How much do you know about drug abuse?
How much do you know about drug abuse?: If you want to know in detail about drug abuse, you are at the right place. Click here for drug rehab.
Effects and risks of drug use
Alcohol abuse and drug use are of particular concern in the world, which can lead to significant deterioration in people’s health, as well as incidents of violence or crime, changes in quality of life and serious social disorders. Visit this site for drug rehab.
Occurrence and effect
According to statistics from the World Health Organization (WHO), about 15 million people in the world are addicted to both illegal and prescription substances. However, only 10% of the affected population will receive treatment. Repeated drug use causes significant damage to a person’s sense of identity and vital purpose, leading to drug addiction and loss of independence. At other times, it causes significant brain and physical damage, affecting social, work and family functioning. And at the third moment it produces the complete downfall of the individual and his death.
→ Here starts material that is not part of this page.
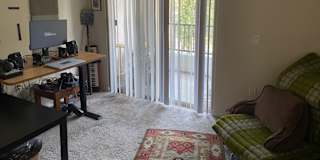 Brett's room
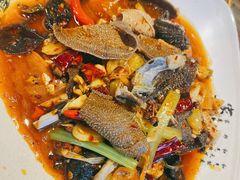 火爆毛肚-肖四女·江湖菜(临港店)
Some opioids are heroin, methadone, oxycodone, tramadol, and morphine. Its abuse can cause respiratory depression, as its effects alter the functioning of the respiratory center located in the brain. This puts the person at considerable risk. As described by the WHO, an opioid overdose is a medical emergency characterized by three signs and symptoms, classified as the “triad of opioid overdose”. These are miosis (narrowed pupils), loss of consciousness and respiratory depression. The situation can worsen if individual opioids are mixed or mixed with alcohol.
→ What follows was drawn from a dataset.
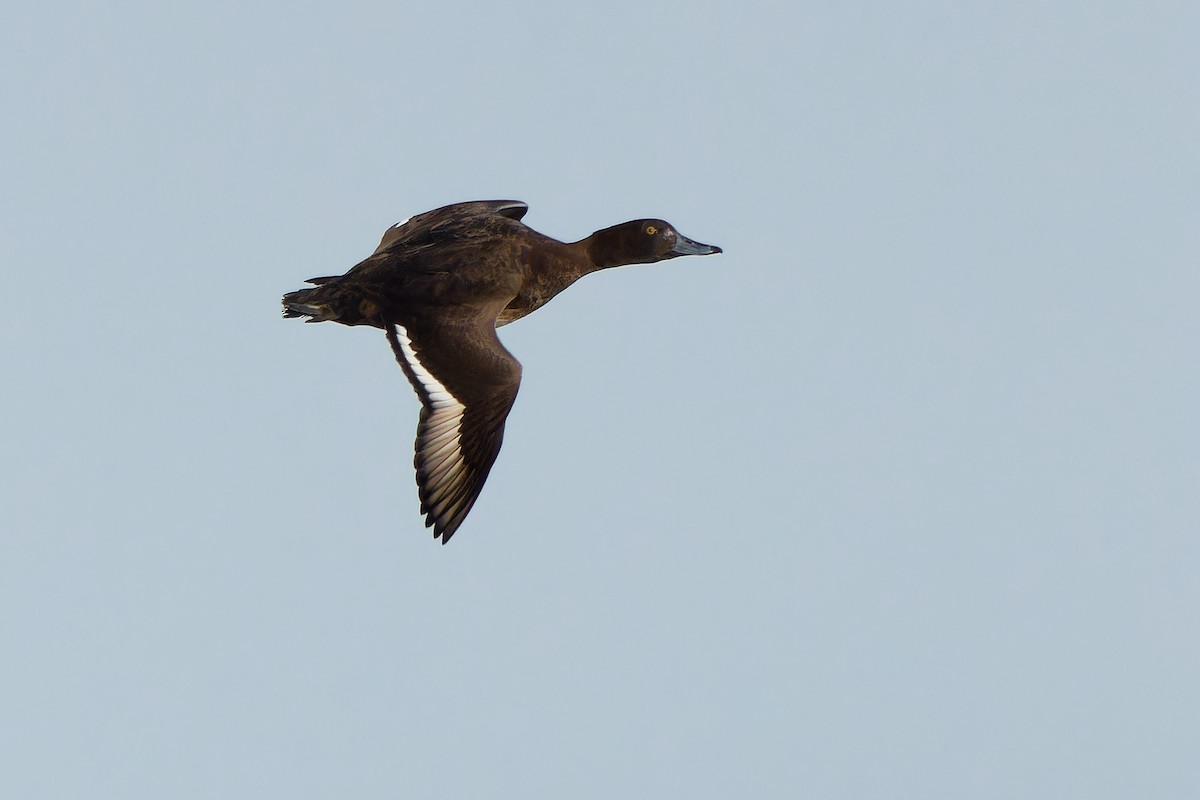 Tufted Duck - ML617558337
Tendency to abuse various types of drugs
- Change humor and social interactions.
- Distort a person’s perception of what is or is not valuable.
- Encourage aggressive or criminal behavior.
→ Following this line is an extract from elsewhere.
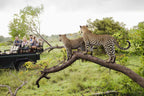KRUGER & MOZAMBIQUE SAFARI AND BEACH ESCAPE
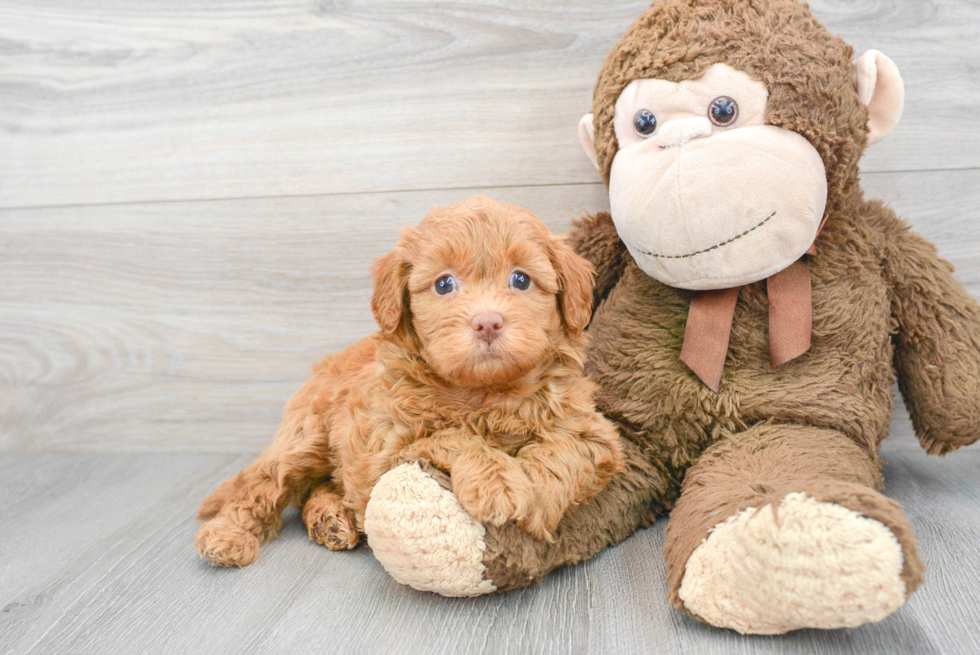 Mini Labradoodle Puppy for Adoption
- The risk of disease increases.
- Short and long term effects
Psychoactive substances directly affect neurons and glial cells, which can lead to brain death and damage to brain structure and vascularization. Drugs cause brain damage through vascular damage, in accessory cells and directly on neurons. The addict’s brain dies quickly, shrinks in volume, and so functions increasingly erratically.
These negative effects can also spread to the rest of the body, causing damage to the skin, endocrine, cardiovascular, liver and reproductive systems. The changes can be irreversible and fatal. For example, marijuana causes selective damage to the hippocampus, which affects attention and memory, as well as the limbic system, which predisposes to depressive and anxiety disorders. Alcohol damages the liver, leading to cirrhosis and liver failure, as well as global cortical damage at the brain level. On the other hand, cocaine produces vascular microinfarcts in the brain and can lead to heart attacks. The latter is a psychostimulant substance that activates dopamine receptors in the brain. So it acts directly in the mesolimbic reward circuit, producing euphoria, tachycardia, and an enhanced sense of reality.
In the long term, the brain adapts by sparing activity, reducing energy levels and enthusiasm, and the person remains in a persistent depressive lethargy that is only released when they consume again. This is overdone every time, just to stop feeling bad. On the other hand, drug use leads to a vicious cycle, as these substances create addiction and the desire to use them, resulting in withdrawal syndrome. Tachycardia and an expanded sense of reality. In the long term, the brain adapts by sparing activity, reducing energy levels and enthusiasm, and the person remains in a persistent depressive lethargy that is only released when they consume again.